Le 22 août 2020, un rassemblement festif inédit se déroulera dans le cadre d’une vérification qui relève de la plus haute importance : la fête en lieu clos est-elle safe ? Le sera-t-elle dans les prochains mois à venir ? On aime l’initiative, et on suit cette actu de près.

En test ? un concert du chanteur-compositeur Tim Bendzko, qui réunira 4000 volontaires, âgés de 18 à 50 ans. C’est dans une salle de Leipzig – dans la Saxe –, avec une capacité d’accueil s’élevant à 12 000 places que le show se déroulera. Le but sera ainsi de savoir si les particules virales et infectieuses du COVID-19 peuvent se propager en lieu clos, lors d’un événement festif. Et si oui, à quelle intensité ? Les scientifiques allemands sont sur le coup, prêts à trouver les solutions nécessaires pour préserver la fête.

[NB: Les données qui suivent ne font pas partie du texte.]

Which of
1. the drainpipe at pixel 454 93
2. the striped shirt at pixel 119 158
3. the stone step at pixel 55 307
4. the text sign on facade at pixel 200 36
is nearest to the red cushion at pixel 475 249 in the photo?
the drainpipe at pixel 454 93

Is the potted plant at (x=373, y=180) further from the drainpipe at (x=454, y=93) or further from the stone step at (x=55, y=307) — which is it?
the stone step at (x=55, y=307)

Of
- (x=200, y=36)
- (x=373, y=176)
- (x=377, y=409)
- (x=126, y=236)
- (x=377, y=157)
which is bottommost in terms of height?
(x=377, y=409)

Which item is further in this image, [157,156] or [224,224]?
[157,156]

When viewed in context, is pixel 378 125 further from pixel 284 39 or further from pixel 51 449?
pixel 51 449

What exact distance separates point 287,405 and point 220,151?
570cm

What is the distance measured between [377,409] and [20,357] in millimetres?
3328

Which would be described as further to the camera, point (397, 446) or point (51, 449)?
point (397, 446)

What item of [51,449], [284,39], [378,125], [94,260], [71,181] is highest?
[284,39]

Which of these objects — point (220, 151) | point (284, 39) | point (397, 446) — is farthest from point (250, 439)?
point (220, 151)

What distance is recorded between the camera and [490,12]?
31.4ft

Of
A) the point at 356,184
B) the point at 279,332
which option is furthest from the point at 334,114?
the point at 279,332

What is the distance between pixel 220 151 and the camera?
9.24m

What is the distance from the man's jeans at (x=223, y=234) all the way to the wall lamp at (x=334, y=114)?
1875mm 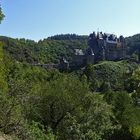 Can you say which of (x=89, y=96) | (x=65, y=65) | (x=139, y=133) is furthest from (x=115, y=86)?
(x=89, y=96)

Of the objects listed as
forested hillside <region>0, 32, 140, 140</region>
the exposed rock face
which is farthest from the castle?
forested hillside <region>0, 32, 140, 140</region>

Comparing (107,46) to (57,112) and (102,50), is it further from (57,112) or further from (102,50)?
(57,112)

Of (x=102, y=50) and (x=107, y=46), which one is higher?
(x=107, y=46)

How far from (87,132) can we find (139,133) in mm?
15371

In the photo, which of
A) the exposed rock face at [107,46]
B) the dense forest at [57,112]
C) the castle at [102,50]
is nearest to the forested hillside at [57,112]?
the dense forest at [57,112]

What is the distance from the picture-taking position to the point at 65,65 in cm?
17025

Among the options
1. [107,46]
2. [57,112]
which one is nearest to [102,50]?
[107,46]

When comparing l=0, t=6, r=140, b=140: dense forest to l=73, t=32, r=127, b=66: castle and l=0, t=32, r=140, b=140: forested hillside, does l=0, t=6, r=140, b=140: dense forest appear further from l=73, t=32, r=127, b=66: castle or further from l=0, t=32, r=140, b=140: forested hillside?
l=73, t=32, r=127, b=66: castle

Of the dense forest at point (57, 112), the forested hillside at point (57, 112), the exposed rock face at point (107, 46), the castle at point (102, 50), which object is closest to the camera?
the dense forest at point (57, 112)

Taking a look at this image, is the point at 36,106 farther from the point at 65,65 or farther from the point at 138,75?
the point at 65,65

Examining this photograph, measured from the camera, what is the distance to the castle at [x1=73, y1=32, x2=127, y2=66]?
175625 mm

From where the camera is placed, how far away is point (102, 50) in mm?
176625

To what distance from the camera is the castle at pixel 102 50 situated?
176 m

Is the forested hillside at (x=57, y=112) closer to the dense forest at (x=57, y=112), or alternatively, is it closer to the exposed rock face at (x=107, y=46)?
the dense forest at (x=57, y=112)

Durant le concert, les spectateurs volontaires seront ainsi équipés d'un "traceur de contact" qui permettra d’enregistrer le flux des germes. Un dispositif ultra efficace qui détermine avec précision les surfaces sur lesquelles les transmissions de germes sont les plus susceptibles d’abonder. Les participants devront aussi se munir d’un masque et faire un test 48h avant pour être sûrs de ne pas être porteur du Covid-19. 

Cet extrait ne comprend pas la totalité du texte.